Family of jockey Bunny Cox settle dispute over inheritance
Action taken by court-appointed administrator of the estate against widow Sally Cox
It was claimed Bunny Cox’s consent and/or signature to the deed of transfer was procured by duress and/or undue influence. File photograph: Getty Images
Mr Justice Denis McDonald, who had described the case as essentially a family dispute and appealed to the sides to settle it, welcomed the settlement.
Louis McEntagart SC, for the administrator, said the terms of settlement could be filed in court.
A key part of the agreement relates to the sale of part of the lands which will pay off outstanding debts on the property. It is hoped to achieve more than €1.7m from the sale.
Appeal from judge
The late Mr Cox’s son Richard, who has been successfully farming part of the estate, will continue to do so and all parties are to make their best endeavours to co-operate with that.
The judge also appealed to the parties to restore good relations because “life is very short and family relations are the most important relations we have”.
He struck out the proceedings but gave liberty to apply for the purpose of implementing the settlement agreement. He also made no order as to costs and vacated previous costs orders.
The late Mr Cox had appointed three executors of his estate, one of whom was his wife.
Anthony Coomey was later appointed by the court as administrator following the death of Chetwin Cox, one of the other two executors, and illness of the other, James Smith.
The administrator sought orders setting aside a deed of transfer of March 18th 2005, made between the late Mr Cox and his wife.
Under that, Mr Cox transferred the house and lands at Lisnawilly from his sole name into the joint names of himself and his wife. The effect of the transfer, if upheld, would be the house and property passed to Mrs Cox on her husband’s death.
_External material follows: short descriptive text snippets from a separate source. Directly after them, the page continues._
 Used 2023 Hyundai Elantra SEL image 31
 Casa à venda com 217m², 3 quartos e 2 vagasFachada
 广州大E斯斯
It was claimed Mr Cox’s consent and/or signature to the deed of transfer was procured by duress and/or undue influence or the transfer amounted to an unconscionable bargain.
It was claimed, after the transfer, Mr Cox made a last will on June 11th, 2005, and he made further codicil, or amendment, of August 17th, 2005.
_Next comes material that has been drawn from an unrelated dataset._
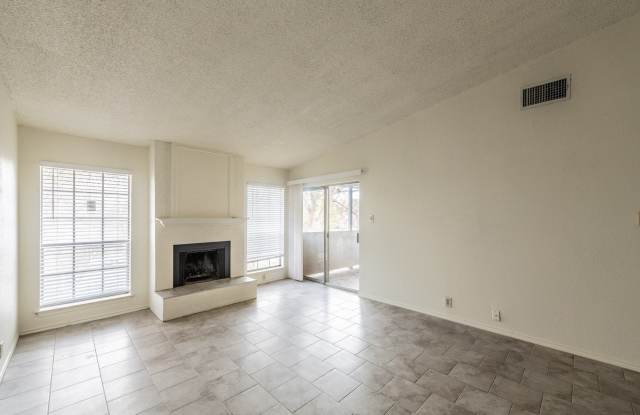 1427 LOMA ALTO Gallery 2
Under that will, it is claimed Mr Cox left 50 per cent of his house and lands to his wife; 10 per cent to each of his three daughters Jennifer, Michelle and Suzanne; and 20 per cent on trust for his son Richard for his life, to be split equally after Richard’s death between the three daughters.
It was alleged, when Mr Cox signed the March transfer document, he had been suffering from ill health for some time, having been diagnosed with lung cancer about November 2004. Other claims include he did not have the benefit of independent legal advice concerning the transfer document.
Mrs Cox denied the claims. She said the March 2005 transfer was in consideration of the natural love and affection her husband bore for her and is valid, effective and enforceable. She said he had independent legal advice and the necessary mental capacity.
She also claimed, without seeking to impugn the validity of the June 2005 will and August 2005 codicil, but for purposes of full defence of the case, the execution of the will was procured by duress and undue influence on her late husband by their daughters Jennifer and Michelle. The two daughters denied that claim.
Mrs Cox also claimed that, in earlier wills, the couple left their entire estate to each other if one died before the other.